Elma Lockwood, the second "Ma" Streeter ("half his age but just as fierce"), was a first cousin of our great-grandmother, Estella Case Wehrley (1841-1920). It was a search for the grave of their grandfather, Samuel Lockwood (1781-1846), that led me to the North Union Cemetery in the first place.

Lockwood and his third wife, along with six sons, were the first members of that prolific family to settle in Indiana. They are deemed to be the first settlers of Locke Township in Elkhart County, south of South Bend. The family came from Springfield, Vermont, where Samuel operated a "potash and distillery" in conjunction with the family's large sawmill operation. I couldn't find out for sure, but assume this was sort of a factory that took sawdust and wood chips and turned them into such things as soap, fertilizer, methanol and turpentine.
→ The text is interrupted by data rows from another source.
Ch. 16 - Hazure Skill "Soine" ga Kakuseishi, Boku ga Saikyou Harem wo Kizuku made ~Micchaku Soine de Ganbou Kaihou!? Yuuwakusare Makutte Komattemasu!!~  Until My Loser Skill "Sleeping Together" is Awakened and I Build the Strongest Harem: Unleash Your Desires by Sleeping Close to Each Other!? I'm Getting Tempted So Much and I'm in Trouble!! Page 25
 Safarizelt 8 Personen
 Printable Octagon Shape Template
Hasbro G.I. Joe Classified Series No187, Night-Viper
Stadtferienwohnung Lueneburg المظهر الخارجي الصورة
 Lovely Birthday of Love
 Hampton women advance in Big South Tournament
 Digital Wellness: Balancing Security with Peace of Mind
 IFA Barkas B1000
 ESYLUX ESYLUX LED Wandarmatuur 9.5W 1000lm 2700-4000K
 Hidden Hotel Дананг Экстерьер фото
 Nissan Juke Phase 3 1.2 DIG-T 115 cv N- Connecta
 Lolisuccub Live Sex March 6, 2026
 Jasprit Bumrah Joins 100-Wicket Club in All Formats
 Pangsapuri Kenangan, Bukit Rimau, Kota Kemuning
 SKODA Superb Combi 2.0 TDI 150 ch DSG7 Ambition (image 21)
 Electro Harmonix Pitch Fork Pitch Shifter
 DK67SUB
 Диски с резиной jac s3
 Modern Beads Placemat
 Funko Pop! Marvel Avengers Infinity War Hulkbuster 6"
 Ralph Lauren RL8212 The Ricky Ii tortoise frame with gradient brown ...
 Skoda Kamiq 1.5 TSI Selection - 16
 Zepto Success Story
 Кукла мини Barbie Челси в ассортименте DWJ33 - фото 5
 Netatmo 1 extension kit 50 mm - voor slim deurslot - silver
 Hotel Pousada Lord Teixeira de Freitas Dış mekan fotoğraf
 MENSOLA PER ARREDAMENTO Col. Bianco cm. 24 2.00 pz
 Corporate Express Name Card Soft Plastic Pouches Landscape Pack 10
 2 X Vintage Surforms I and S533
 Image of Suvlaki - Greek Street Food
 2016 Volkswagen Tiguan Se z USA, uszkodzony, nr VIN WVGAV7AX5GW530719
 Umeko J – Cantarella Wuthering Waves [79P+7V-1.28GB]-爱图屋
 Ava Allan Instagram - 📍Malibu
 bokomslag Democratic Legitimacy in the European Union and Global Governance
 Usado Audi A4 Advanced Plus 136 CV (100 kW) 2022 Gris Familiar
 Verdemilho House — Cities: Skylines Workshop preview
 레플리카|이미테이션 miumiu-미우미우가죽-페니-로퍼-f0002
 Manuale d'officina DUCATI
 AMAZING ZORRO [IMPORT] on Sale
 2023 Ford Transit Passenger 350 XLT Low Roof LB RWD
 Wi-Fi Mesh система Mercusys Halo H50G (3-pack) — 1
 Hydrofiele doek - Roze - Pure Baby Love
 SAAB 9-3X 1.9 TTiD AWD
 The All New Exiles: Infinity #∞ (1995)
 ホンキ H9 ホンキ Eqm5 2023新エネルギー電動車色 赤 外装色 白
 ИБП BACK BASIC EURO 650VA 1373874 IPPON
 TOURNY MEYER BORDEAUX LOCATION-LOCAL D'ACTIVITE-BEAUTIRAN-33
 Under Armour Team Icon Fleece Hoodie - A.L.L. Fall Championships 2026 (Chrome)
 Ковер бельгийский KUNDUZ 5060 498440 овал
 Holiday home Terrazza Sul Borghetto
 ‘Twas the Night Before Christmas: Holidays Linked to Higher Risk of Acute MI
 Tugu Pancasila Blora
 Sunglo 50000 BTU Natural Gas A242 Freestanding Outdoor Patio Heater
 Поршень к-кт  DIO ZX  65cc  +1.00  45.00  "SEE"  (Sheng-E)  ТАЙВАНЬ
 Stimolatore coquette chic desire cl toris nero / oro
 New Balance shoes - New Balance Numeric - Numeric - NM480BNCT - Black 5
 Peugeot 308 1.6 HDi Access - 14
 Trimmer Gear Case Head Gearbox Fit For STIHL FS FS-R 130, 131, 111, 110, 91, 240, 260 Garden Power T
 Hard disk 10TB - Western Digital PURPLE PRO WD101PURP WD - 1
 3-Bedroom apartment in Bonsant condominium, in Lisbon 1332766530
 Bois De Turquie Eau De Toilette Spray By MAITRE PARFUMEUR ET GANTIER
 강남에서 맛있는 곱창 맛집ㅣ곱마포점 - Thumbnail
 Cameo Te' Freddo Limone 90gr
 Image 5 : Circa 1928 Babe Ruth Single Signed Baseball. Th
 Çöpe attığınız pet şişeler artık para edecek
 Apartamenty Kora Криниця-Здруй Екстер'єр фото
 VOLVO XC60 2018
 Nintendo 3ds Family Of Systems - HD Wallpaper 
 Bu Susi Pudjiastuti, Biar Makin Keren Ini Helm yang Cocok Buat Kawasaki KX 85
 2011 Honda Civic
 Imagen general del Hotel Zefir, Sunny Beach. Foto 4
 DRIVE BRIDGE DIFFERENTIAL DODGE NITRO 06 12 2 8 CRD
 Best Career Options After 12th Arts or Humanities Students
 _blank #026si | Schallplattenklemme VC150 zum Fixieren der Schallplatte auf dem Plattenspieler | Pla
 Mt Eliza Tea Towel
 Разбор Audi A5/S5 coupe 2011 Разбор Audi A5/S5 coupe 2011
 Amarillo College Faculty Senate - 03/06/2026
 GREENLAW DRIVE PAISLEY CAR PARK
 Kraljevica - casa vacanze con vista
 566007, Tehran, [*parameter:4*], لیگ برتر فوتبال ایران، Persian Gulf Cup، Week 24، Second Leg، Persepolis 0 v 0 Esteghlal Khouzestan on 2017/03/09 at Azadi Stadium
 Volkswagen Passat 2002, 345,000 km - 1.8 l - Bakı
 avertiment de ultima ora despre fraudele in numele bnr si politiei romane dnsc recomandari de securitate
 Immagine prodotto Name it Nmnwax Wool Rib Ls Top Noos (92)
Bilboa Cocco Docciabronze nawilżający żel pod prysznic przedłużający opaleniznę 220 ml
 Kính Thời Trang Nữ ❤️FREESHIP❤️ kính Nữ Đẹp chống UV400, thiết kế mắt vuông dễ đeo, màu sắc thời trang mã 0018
Samuel's distant ancestor -- six generations back, to be precise, or 12 generations removed from me -- was Robert Lockwood (16?-1650), the first of my Mother's forebears to reach these shores. He was among some 900 Puritans who set sail from England in 1630 in the inaugural 11-boat flotilla of the Massachusetts Bay Company under the leadership of John Winthrop. That was the start of the "Great Migration" that brought about 20,000 Puritans to the New World during the ensuing decade.

If he was a good Puritan, Robert Lockwood must have spun in his grave when he learned what his descendant, Elma Lockwood, was up to on Chicago's North Shore.